I'll be doing something with the eyes too, in case anyone was wondering. Might do some green leds or some fake eyeballs. It won't just be the wig head showing through!


----------



## RoxyBlue (Oct 6, 2008)

Aww, I kind of liked that top hat - made him look very natty

I think you're getting there. You might see how he'd look with a longer piece of creepy cloth on the head so it's more hood-like, draping down over the shoulders. 

Just for fun, give some thought to seeing how the raccoon tail would look attached to the top of his staff, with perhaps some rough twine wrapped just below it.

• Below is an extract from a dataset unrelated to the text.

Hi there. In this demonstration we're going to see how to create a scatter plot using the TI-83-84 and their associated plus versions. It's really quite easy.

I'm picturing you outside taking pictures of this goblin fashion show and wondering what the neighbors must be thinking


----------



## Dark Angel 27 (Sep 11, 2008)

Awesome look! I'm thinking that Roxy is right about giving him more creepy cloth for a hooded loook. I'd love to see how he'd look with a creepy staff and LED eyes!


----------



## jdubbya (Nov 6, 2005)

RoxyBlue said:


> Aww, I kind of liked that top hat - made him look very natty
> 
> I think you're getting there. You might see how he'd look with a longer piece of creepy cloth on the head so it's more hood-like, draping down over the shoulders.
> 
> ...


Yes, definitely longer on the head piece. It's a scrap I had out so put it there just to see how it looked. I'm replacing the staff with a natural branch. I'll have some feathers, bones, etc.. hanging from it. I can certainly wrap some twine around it and I have another tail I can use too. Got some faux fur to cuff the boots and might do something else with it as well. He's coming along a bit and I'm more content with the look now.



Dark Angel 27 said:


> Awesome look! I'm thinking that Roxy is right about giving him more creepy cloth for a hooded loook. I'd love to see how he'd look with a creepy staff and LED eyes!

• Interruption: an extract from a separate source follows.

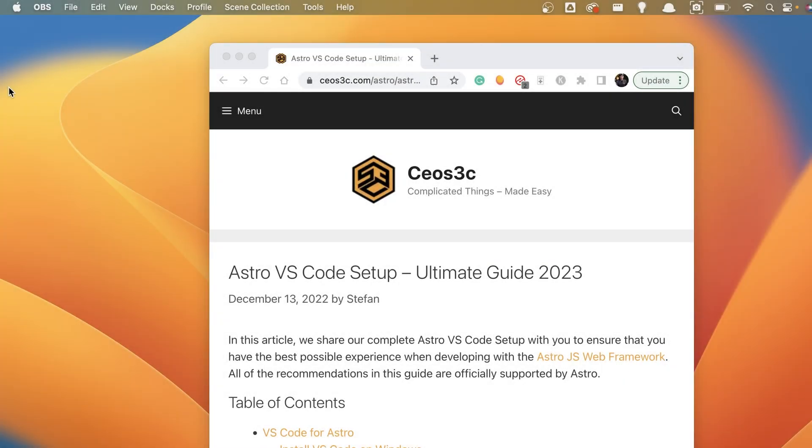Hey guys, welcome back to a new video. In this short video, I'm going to show you how to install VS Code on Mac OS.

Hoping to finish him next week sometime. Think I'll hold off on more pics until he's ready for his "reveal."


----------



## jdubbya (Nov 6, 2005)

*A bit more progress*

Been adding some things to his outfit. Using a longer piece of creepy cloth for the head cover and liking the look. Got some faux fur and trimmed his boots. also swapped out the finished dowel staff for a natural branch one. Picked up a plastic chain/lock for 5 bucks and the icing on the cake was the deer skull I got at a local antique shop! Still have some fur/feathers and a couple other small details, but he's looking like I envisioned at the beginning. I may have him holding up a small lantern in his other hand. I'm not going overboard on the details as they'll be lost on Halloween night, but I think he'll make a fine minion for the witches coven


----------



## RoxyBlue (Oct 6, 2008)

I think you missed your calling as a fashion designer, JD


----------



## jdubbya (Nov 6, 2005)

RoxyBlue said:


> I think you missed your calling as a fashion designer, JD


At least for short, ugly dwarves. I'll take this as a backhanded compliment!


----------



## scream1973 (Dec 23, 2007)

Definately will make a good minion..

Rusty up the chain a lil , then the obvious tattering / grunge dirt.. Eyeballs with LEDs would definately finish the look .. especially something like a vertical eye slit


----------



## jdubbya (Nov 6, 2005)

scream1973 said:


> Definately will make a good minion..
> 
> Rusty up the chain a lil , then the obvious tattering / grunge dirt.. Eyeballs with LEDs would definately finish the look .. especially something like a vertical eye slit


Yup! Still more to do. I like the vertical eye slit idea. Going to pick up one of those cheap light weight led lanterns from big lots and see how he looks holding that in his other hand. He's getting there.:jol:


----------



## Dark Angel 27 (Sep 11, 2008)

that looks awesome!


----------